No, to him “being political” meant publicly protesting, and privately complaining, about everything he was against. Which was a lot.

The things he spoke out against ranged from the epic (wars) to the personal (commercial “alternative” fashion accessories on sale in the malls).

There was one thing he was unquestioningly for. At the time, it was called “hemp.” In more recent years, it’s been called “medical marijuana.”

Of course, Geoff’s reasons for being for it had little to do with the carefully prescribed alleviation of physical pain, and had nothing to do with the promulgation of industrial fibers.

I once argued with Geoff about pot smoking. I said it turned too many people into pacified submissives, and that no real movement for true social change could come from it. He stared at me vacantly and asked me in a droning monotone if I had some.

Which leads to the current marijuana initiative, I-1068.

Its proponents are now gathering signatures across the state. It doesn’t claim any noble non-recreational justification. It’s about pot, and asserting the right for any adult in the state to have and use it, for any purpose. No excuses, no sanctimonious fronts.

This is actually progress.

This is a generation, or a piece of a generation, getting up off of its collective protests and actually doing something.

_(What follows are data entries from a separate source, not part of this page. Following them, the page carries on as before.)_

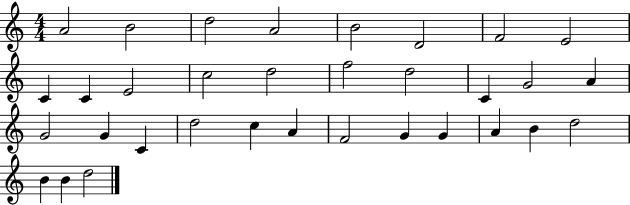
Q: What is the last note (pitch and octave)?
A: D5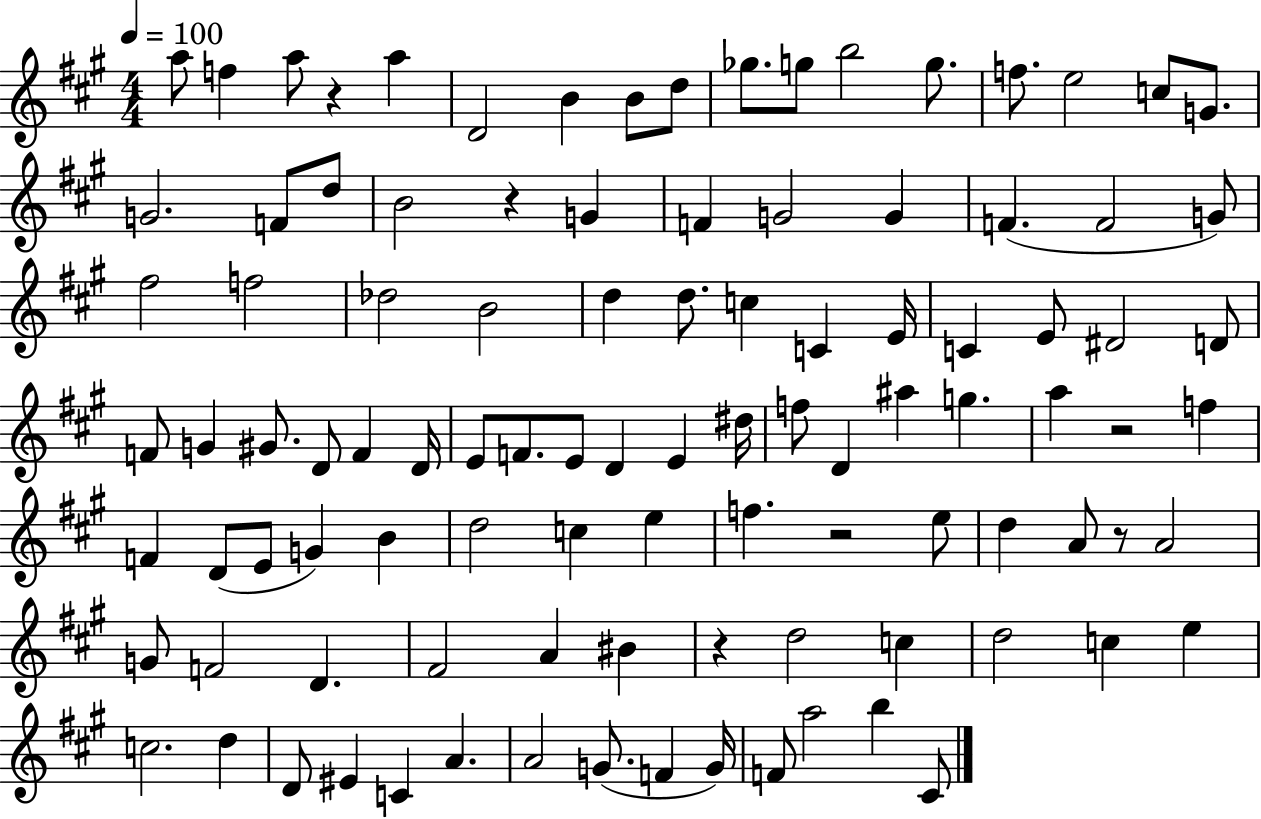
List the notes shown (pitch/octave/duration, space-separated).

A5/e F5/q A5/e R/q A5/q D4/h B4/q B4/e D5/e Gb5/e. G5/e B5/h G5/e. F5/e. E5/h C5/e G4/e. G4/h. F4/e D5/e B4/h R/q G4/q F4/q G4/h G4/q F4/q. F4/h G4/e F#5/h F5/h Db5/h B4/h D5/q D5/e. C5/q C4/q E4/s C4/q E4/e D#4/h D4/e F4/e G4/q G#4/e. D4/e F4/q D4/s E4/e F4/e. E4/e D4/q E4/q D#5/s F5/e D4/q A#5/q G5/q. A5/q R/h F5/q F4/q D4/e E4/e G4/q B4/q D5/h C5/q E5/q F5/q. R/h E5/e D5/q A4/e R/e A4/h G4/e F4/h D4/q. F#4/h A4/q BIS4/q R/q D5/h C5/q D5/h C5/q E5/q C5/h. D5/q D4/e EIS4/q C4/q A4/q. A4/h G4/e. F4/q G4/s F4/e A5/h B5/q C#4/e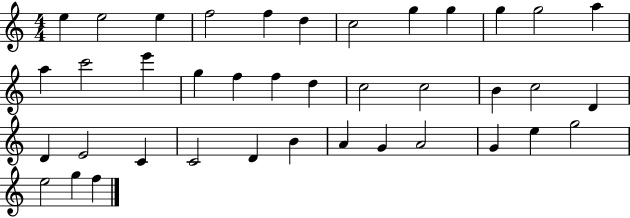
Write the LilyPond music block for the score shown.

{
  \clef treble
  \numericTimeSignature
  \time 4/4
  \key c \major
  e''4 e''2 e''4 | f''2 f''4 d''4 | c''2 g''4 g''4 | g''4 g''2 a''4 | \break a''4 c'''2 e'''4 | g''4 f''4 f''4 d''4 | c''2 c''2 | b'4 c''2 d'4 | \break d'4 e'2 c'4 | c'2 d'4 b'4 | a'4 g'4 a'2 | g'4 e''4 g''2 | \break e''2 g''4 f''4 | \bar "|."
}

Which is what I told Geoff, those several years ago, I didn’t expect him and his pals to ever do.

I was wrong.

(Cross-posted with the Capitol Hill Times.)

One Response  
  • Peter A. writes:
    May 14th, 201010:36 amat

    I went to Hempfest last year and listened to a few speeches by some fairly intelligent people on the importance of getting mainstream America comfortable with marijuana and hemp. Then one of them carried on about how hemp fixed pretty much ever problem in the world, including how hemp oil cured “almost every disease in the world” and how it reversed some woman’s cancer within a couple days. These views were either overtly or tacitly endorsed by the other speakers.

    I don’t think it makes sense to outlaw marijuana, but if its advocates want to mainstream it, one suggestion would be to try and stop making claims that make you sound like a moron to any rational person without a cult-like devotion to omnipotent powers of pot.